Kegiatan bercerita harus dirancang dengan
baik. Sebelum kegiatan ini dilaksanakan, jauh sebelumnya guru sudah meminta
siswa untuk memilih cerita yang menarik. Setelah itu siswa diminta menghafalkan
jalanya cerita agar nanti pada pelaksanaanya, ketika bercerita di depan
pendengarnya tidak mengalami kesulitan.
5. Memberi
Petunjuk
Memberi
petunjuk seperti petunjuk mengerjakan sesuatu, petunjuk mengenai arah atau
letak sesuatu tempat, memerlukan sejumlah persyaratan petunjuk harus jelas,
singkat, dan tepat. Siswa yang sering berlatih member petunjuk secara lisan
akan lebih terampil berbicara. Karenanya, guru harus memberikan kesempatan yang
luas kepada siswa untuk berlaih memberikan petunjuk.
6. Bertelepon
Berbicara
antara dua pribadi yang berjauhan dapat dilakukan dengan bertelepon. Bertelepon
merupakan komunikasi lisan jarak jauh. Ciri khas bertelepon adalah berbicara
jelas, singkat, dan lugas. Harus diperhatikan bahwa terlalu lama bertelepon
tidak baik karena di samping faktor biaya, juga dapat menghambat orang lain
yang ingin menggunakan telepon itu.
Biasanya telepon digunakan untuk hal-hal
penting saja, misalnya peyampaian informasi penting, berita keluarga, dan
sebagaimana. Strategi bertelepon dapat digunakan sebagai strategi pengajaran
berbahasa lisan.
7. Diskusi
Berdiskusi
pada dasarnya merupakan interaksi verbal secara tatap muka yang dilakukan oleh
lebih dari dua individu. Diskusi merupakan percakapan dalam bentuk lanjut yang
bobot pembicaraanya lebih kompleks daripada percakapan yang biasa dilakukan
oleh dua orang. Berdiskusi merupakan strategi yang baik bagi pengembangan
keterampilan berbahasa lisan, khususnya berbicara untuk bermusyawarah atau
memecahakan masalah.
8. Main
Peran
Main
peran adalah simulasi (tiruan) tingkah laku dari orang yang diperankan.

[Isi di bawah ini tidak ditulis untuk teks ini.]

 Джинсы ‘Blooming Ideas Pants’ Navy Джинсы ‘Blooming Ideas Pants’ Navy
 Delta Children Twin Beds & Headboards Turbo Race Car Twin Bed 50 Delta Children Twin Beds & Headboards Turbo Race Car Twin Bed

Tujuanya adalah melatih siswa untuk menghadapi situasi yang sebenarnya, melatih
paraktik berbahasa lisan secara intensif, dan memberikan kesempatan kepada
siswa untuk mengembangkan kemampuannya berkomunikasi.
Dalam bermain peran, siswa bertindak,
berlaku, dan berbahasa seperti orang yang diperankanya. Dari segi bahasa
belarti siswa harus mengenal dan dapat menggunakan ragam-ragam bahasa yang
sesuai/
9. Dramatisasi
Dramatisasi
atau bermain drama adalah kegiatan mementaskan lakon atau cerita. Biasanya
cerita yang dilakonkan sudah dalam bentuk drama. Guru dan siswa terlebih dulu
harus mempersiapakan naskah atau skenario, perilaku, dan perlengkapan. Bermain
drama lebih kompleks daripada bermain peran. Melalui dramatisasi, siswa dilatih
untuk mengekspresikan perasaan dan pikiranya dalam bentuk bahasa lisan.
BAB
IV
PENUTUP
4.1
Simpulan
Pengajaran keterampilan berbahasa lisan
akan membawa hasil yang memuaskan apabila dilandasi dengan tujuan yang jelas,
materi yang disusun secara sistematis, dan mampu menumbuhkan partisipasi aktif
terbuka pada diri siswa serta kegiatan pembelajaran bukan pengujian.
Keterampilan
berbicara lebih mudah dikembangkan apabila murid-murid memperoleh kesempatan
untuk mengkomunikasikan sesuatu secara alami kepada orang lain dalam
kesempatan-kesempatan yang bersifat informal.
Keterampilan berbicara menunjang keterampilan bahasa lainnya.Pembicara
yang baik mampu memberikan contoh agar dapat ditiru oleh penyimak yang baik.
Pembicara yang baik mampu memudahkan penyimak untuk menangkap pembicaraan yang
disampaikan.
Dengan demikian, upaya
untuk meningkatkan keterampilan berbahasa lisan (berbicara) harus dimulai dari
kita sebagai guru atau pengajar yang menjadi acuan para siswa dalam proses
belajar mengajar di sekolah khususnya dan di lingkungan keluarga, masyarakat
pada umumnya.
4.2
Saran
Antara menyimak, membaca, menulis, serta
berbicara erat hubungan nya dan saling keterkaitan, oleh sebab itu kita harus
rajin melatih keterampilan berbahasa, agar kita bisa menjadi sastrawan yang
handal dan menjadi pembicara yang baik.